A sense of madness unleashed stole into the laboratory room where Aladdian stood alone, motionless and white-faced. She scarcely breathed. Her blue eyes were dilated. On the screen now only one cruiser remained. Not until then did Aladdian move, her hand reaching out automatically to the dials. A second later the interior of Luhor's cruiser lay revealed.

The huge half-breed had held out to the last. He'd realized what was happening, knew that the thought-power of an entire telepathic nation was reaching out across vast distances of space, the ghastly vibration of madness battering against the brains of his men. Now even Luhor began to succumb, his brutal face contorted by spasms of demoniac evil. His crew of men around him were already insane. A few sobbed monotonously on their knees, rocking from side to side. Others were already dead. One crewman was absorbed in daintily flaying another with a bright, keen penknife, while the rest were systematically destroying the ship and each other.

In the midst of the scene, Luhor's face went suddenly grey and blank. He drew his electro-pistol and like a man possessed, used it methodically about him until only he remained alive. It was then that Aladdian used her last remaining strength, directing Luhor like an automaton to the controls, where he remained frozen.
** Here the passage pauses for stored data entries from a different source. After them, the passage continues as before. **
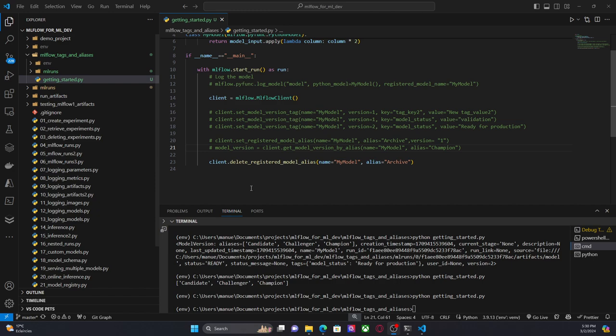So that is basically everything for this video. We saw how to create an alias, how to update an alias — meaning change the version — how to delete an alias, and how to retrieve a model associated to a specific alias. That was everything for this video. Thanks for watching, and I'll see you in the next one.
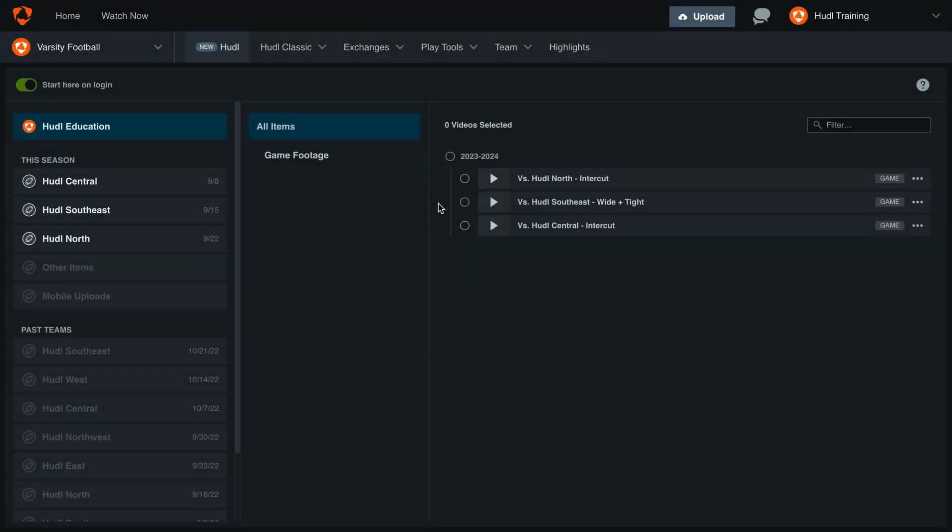Hey everyone, welcome back to Training with Huddle. Today we'll be going over the flexible layout available to you in the new Huddle for American Football.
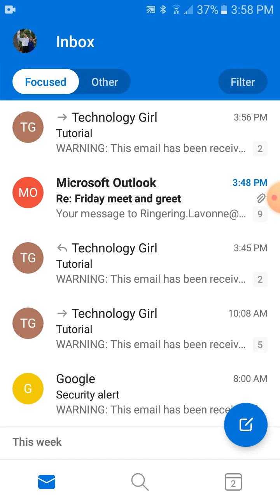Now you've learned how to do all this. I'll show you how to send attachments in the next one. Thanks for watching! Bye!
The vessel heeled in space and changed course, heading away from Earth now, speeding directly sunward toward Vulcan Base.

Within the laboratory room, Aladdian swayed, her face whiter than death; she grasped at the instrument panel for support, but her fingers closed on air, as she crumpled to the floor.

XIII

She was barely conscious of Mark and Cynthia and Carston seconds later, bursting into the room. And of Mark's face mirroring his anxiety as he hurried to her.